Scan the data below and pick out the lines containing the word "Used".

[Input data Boundary: Start]

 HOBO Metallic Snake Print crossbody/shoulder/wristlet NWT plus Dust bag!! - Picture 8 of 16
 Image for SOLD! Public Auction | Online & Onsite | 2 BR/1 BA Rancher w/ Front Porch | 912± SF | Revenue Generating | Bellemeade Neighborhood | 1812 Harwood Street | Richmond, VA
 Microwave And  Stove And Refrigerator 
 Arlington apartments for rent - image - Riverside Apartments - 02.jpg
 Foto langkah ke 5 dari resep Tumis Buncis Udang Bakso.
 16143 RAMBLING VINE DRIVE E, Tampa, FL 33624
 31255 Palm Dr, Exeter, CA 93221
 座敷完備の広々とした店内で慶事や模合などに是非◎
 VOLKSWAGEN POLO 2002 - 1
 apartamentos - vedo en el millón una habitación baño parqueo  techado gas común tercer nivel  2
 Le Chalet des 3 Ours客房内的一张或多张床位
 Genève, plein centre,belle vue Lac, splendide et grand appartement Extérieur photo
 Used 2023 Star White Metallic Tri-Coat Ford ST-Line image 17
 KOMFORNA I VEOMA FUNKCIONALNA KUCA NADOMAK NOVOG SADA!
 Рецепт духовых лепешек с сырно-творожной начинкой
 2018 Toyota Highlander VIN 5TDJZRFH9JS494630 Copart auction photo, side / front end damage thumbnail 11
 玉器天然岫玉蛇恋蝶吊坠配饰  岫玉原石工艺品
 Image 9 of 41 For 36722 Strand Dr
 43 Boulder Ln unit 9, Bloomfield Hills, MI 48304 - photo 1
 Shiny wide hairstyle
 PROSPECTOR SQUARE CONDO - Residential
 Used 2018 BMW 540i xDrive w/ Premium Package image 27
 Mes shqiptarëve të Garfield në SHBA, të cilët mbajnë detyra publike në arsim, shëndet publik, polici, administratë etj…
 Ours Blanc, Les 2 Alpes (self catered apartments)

[Input data Boundary: End]

* [Answer space]:
 Used 2023 Star White Metallic Tri-Coat Ford ST-Line image 17
 Used 2018 BMW 540i xDrive w/ Premium Package image 27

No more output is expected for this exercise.